- [Problem to solve] From the line containing "S521081 Philips Norelco" through the last line of the entries below, print each line exactly. Pictures stay out.

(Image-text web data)
BEGIN

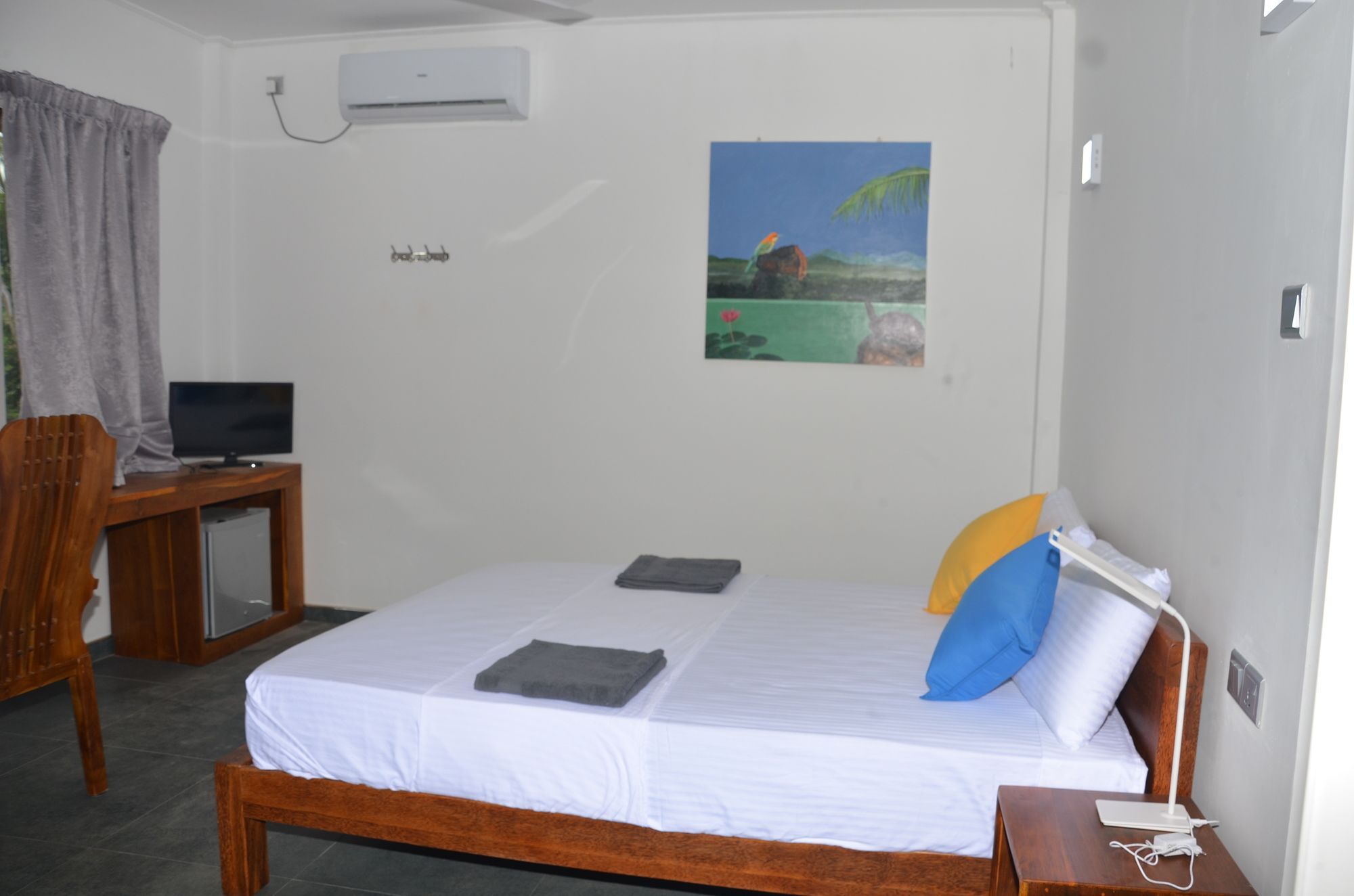 Anuhas Airport Villas Katunayake Exterior photo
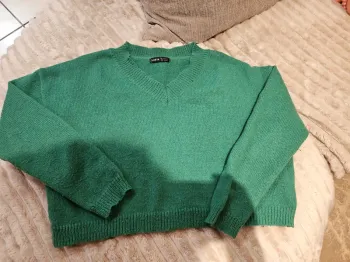 pull courte en laine vert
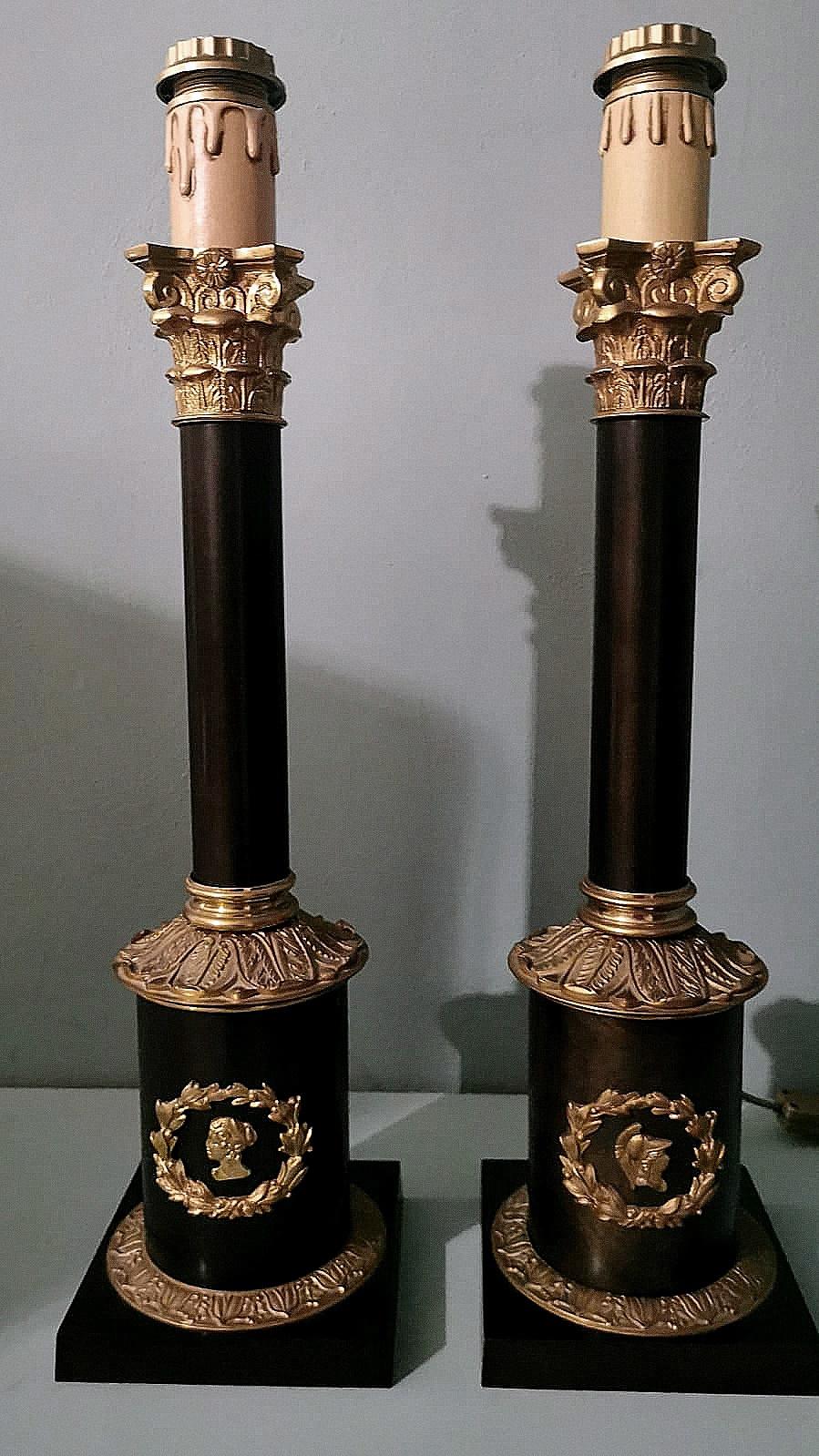 Paar italienische Säulen-Tischlampen aus Bronze und Messing im Empire-Stil (Italienisch)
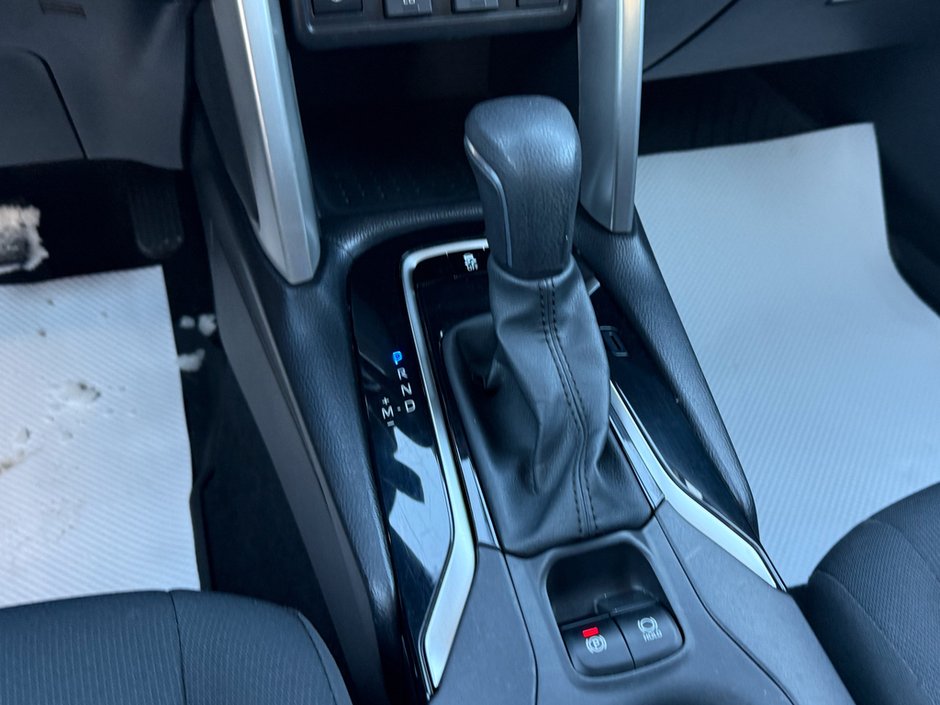 2023 Toyota Corolla Cross LE-18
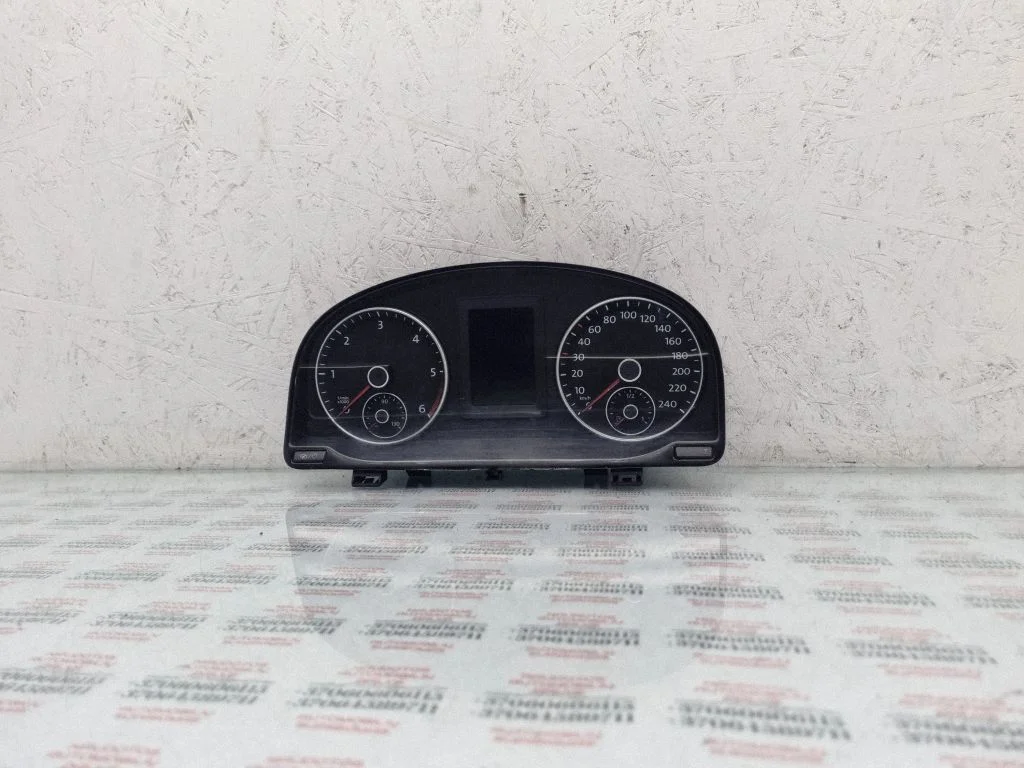 Spidomeeter (näidikuplokk) – Volkswagen Touran II (2010-2016)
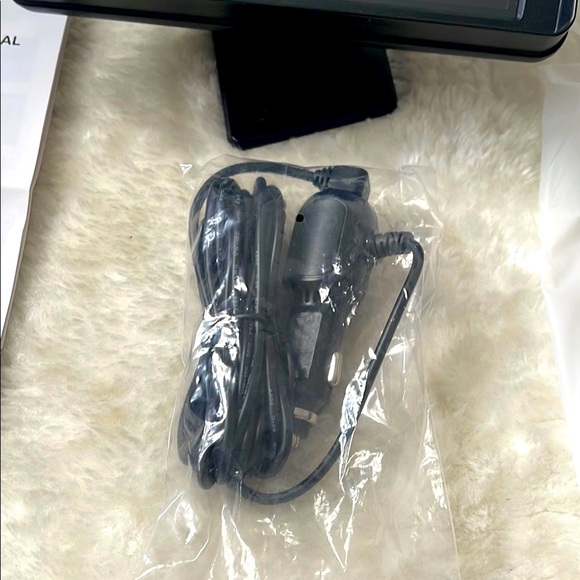 Sleek Black GPS Navigation System - Picture 8 of 14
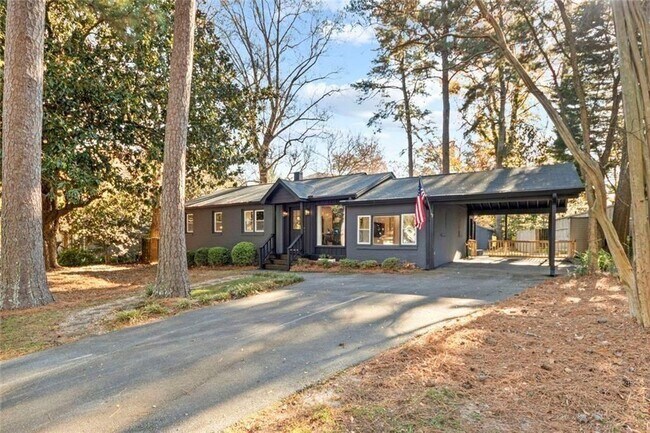 property at 1333 Victor Rd NE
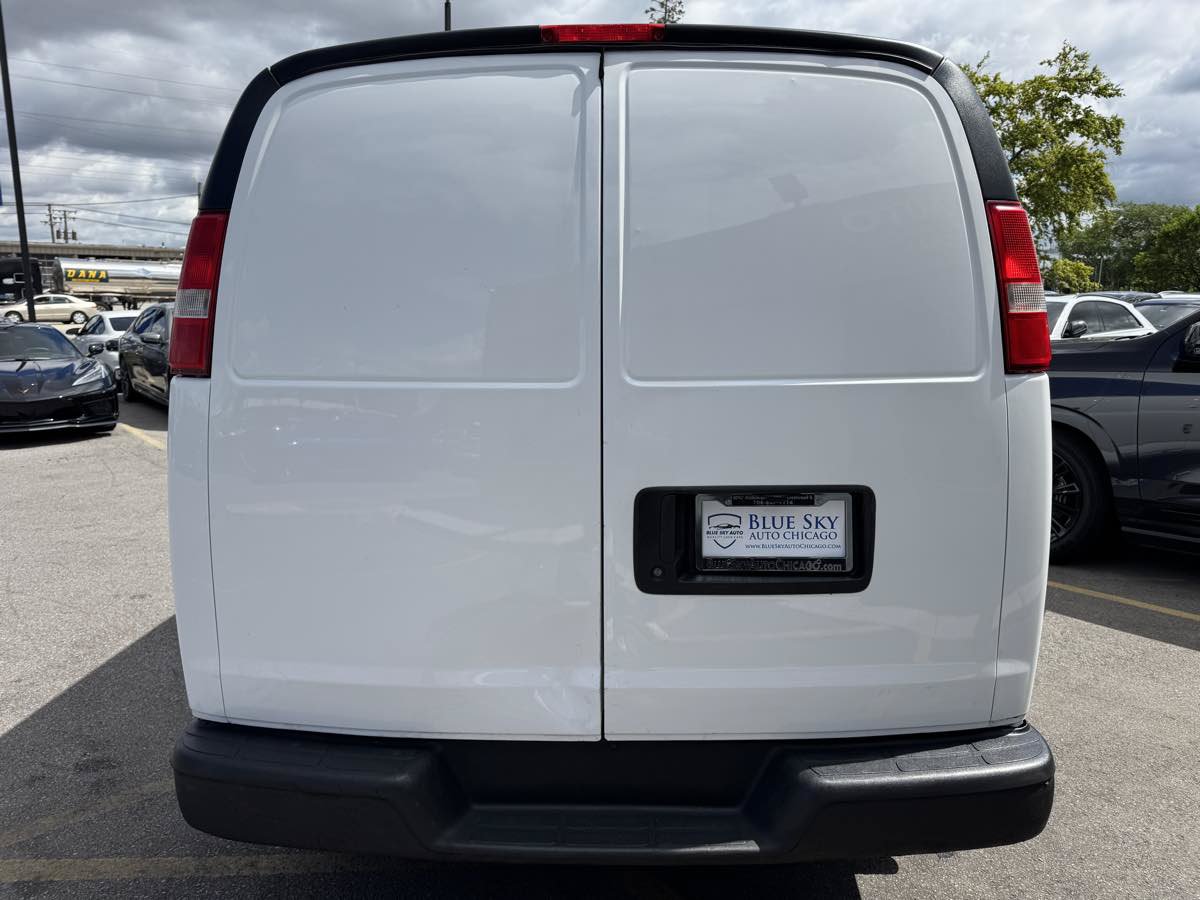 Used 2014 Chevrolet Express 1500 RWD image 6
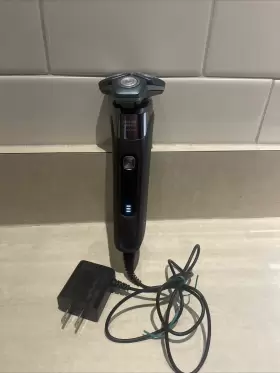 S521081 Philips Norelco Series 7000 Wet And Dry Electric Shaver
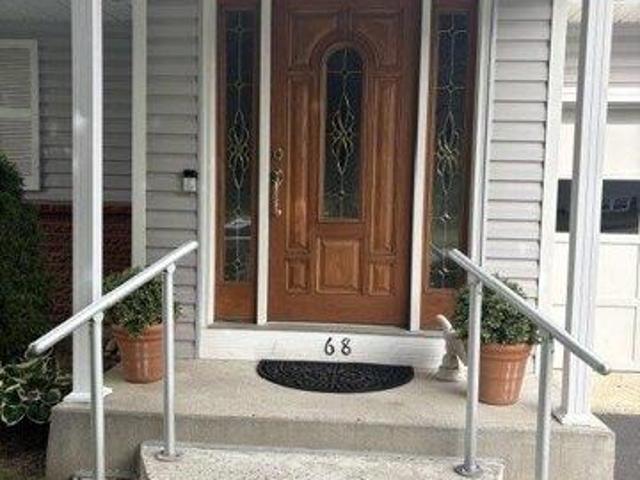 House for sale in Hamden, Connecticut
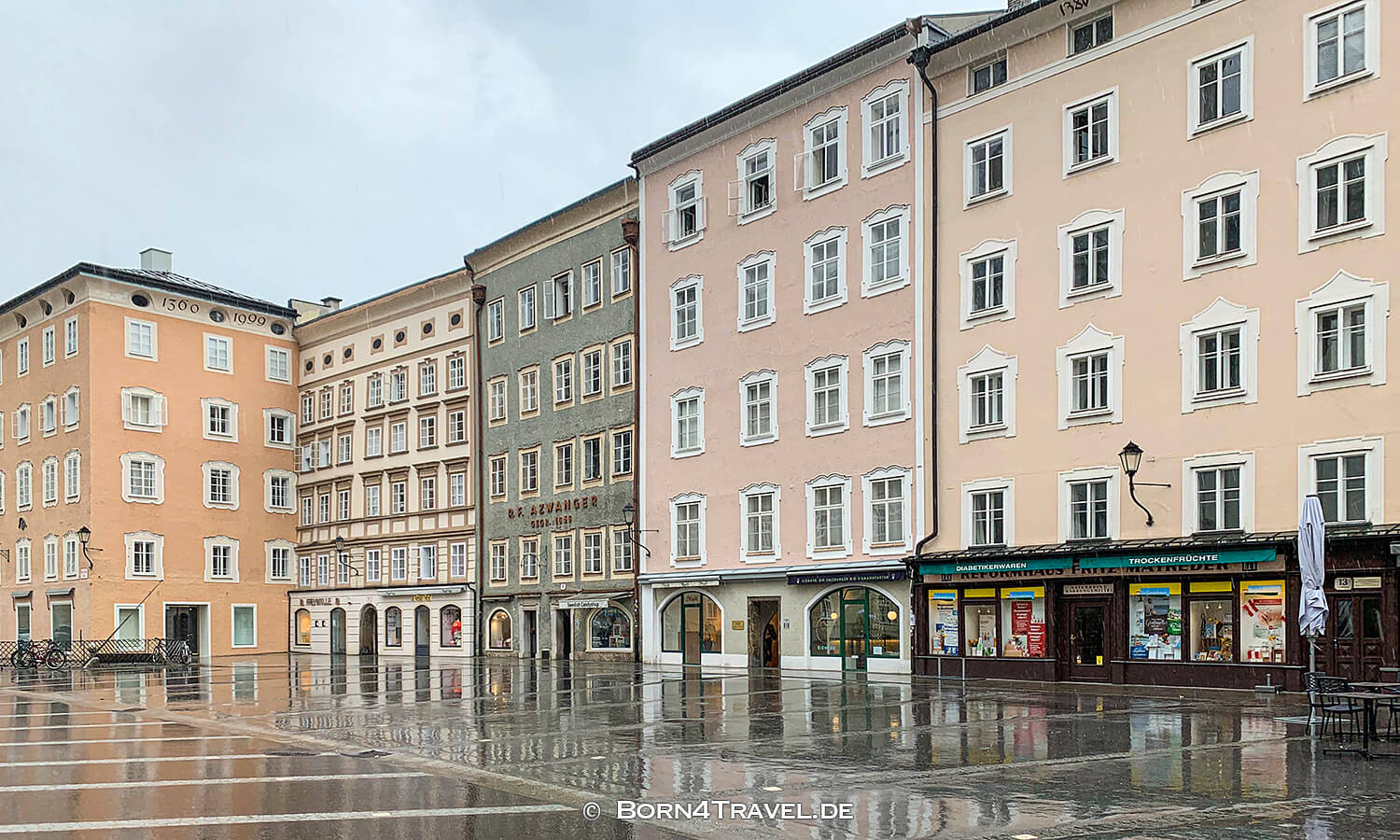 Universitätsplatz in Salzburg,born4travel.de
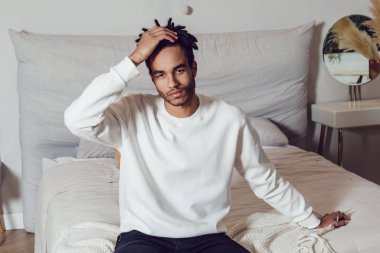 Beyaz kazaklı adam. Model.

END

- [Answer section]
 S521081 Philips Norelco Series 7000 Wet And Dry Electric Shaver
 House for sale in Hamden, Connecticut
 Universitätsplatz in Salzburg,born4travel.de
 Beyaz kazaklı adam. Model.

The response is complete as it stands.